Work task :: The records below are to be copied word for word, with every picture left out.

The data ::
·····

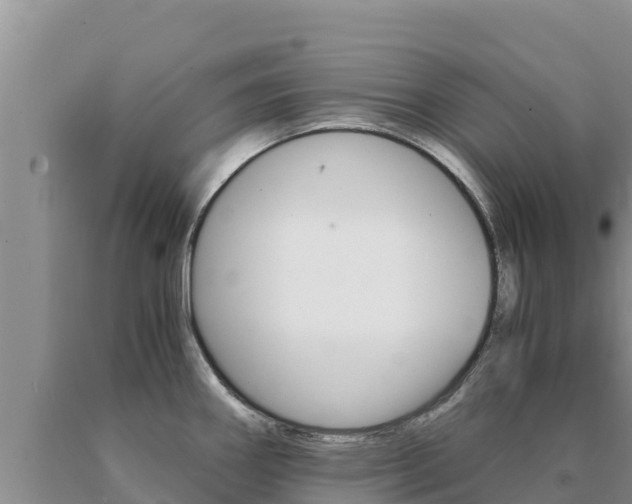 X0000091081290200708061037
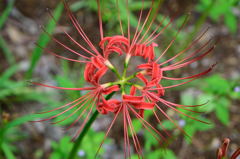 Lycoris radiata - Red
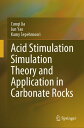 Acid Stimulation Simulation Theory and Application in Carbonate Rocks【電子書籍】[ Cun...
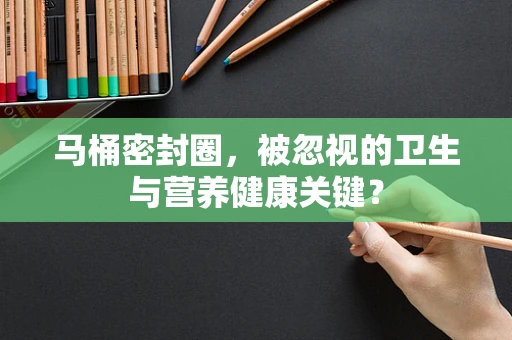 马桶密封圈，被忽视的卫生与营养健康关键？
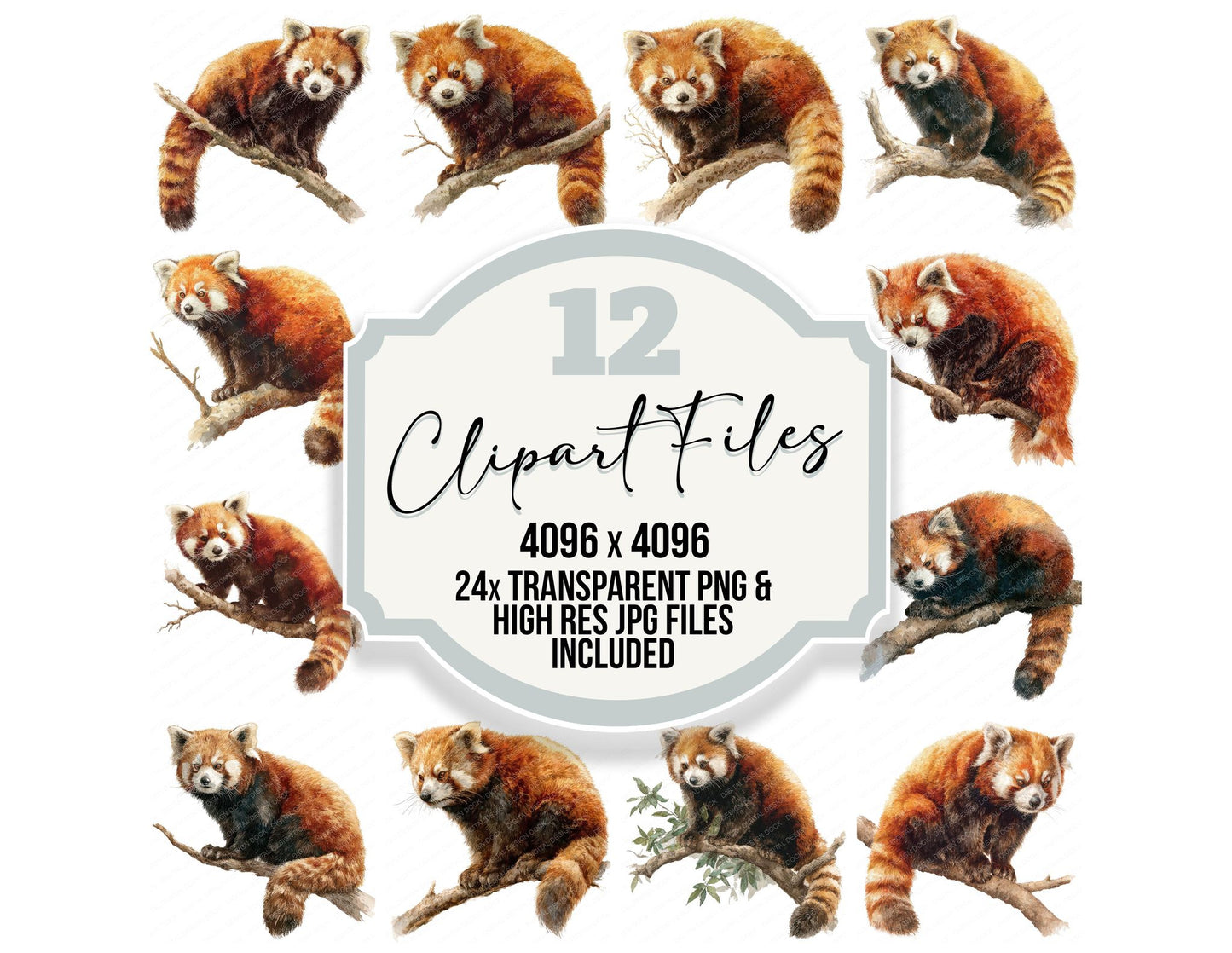 Red Panda Exotic Animal Clipart Set (DDD008243)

·····

Worked solution ::
 X0000091081290200708061037
 Lycoris radiata - Red
 Acid Stimulation Simulation Theory and Application in Carbonate Rocks【電子書籍】[ Cun...
 马桶密封圈，被忽视的卫生与营养健康关键？
 Red Panda Exotic Animal Clipart Set (DDD008243)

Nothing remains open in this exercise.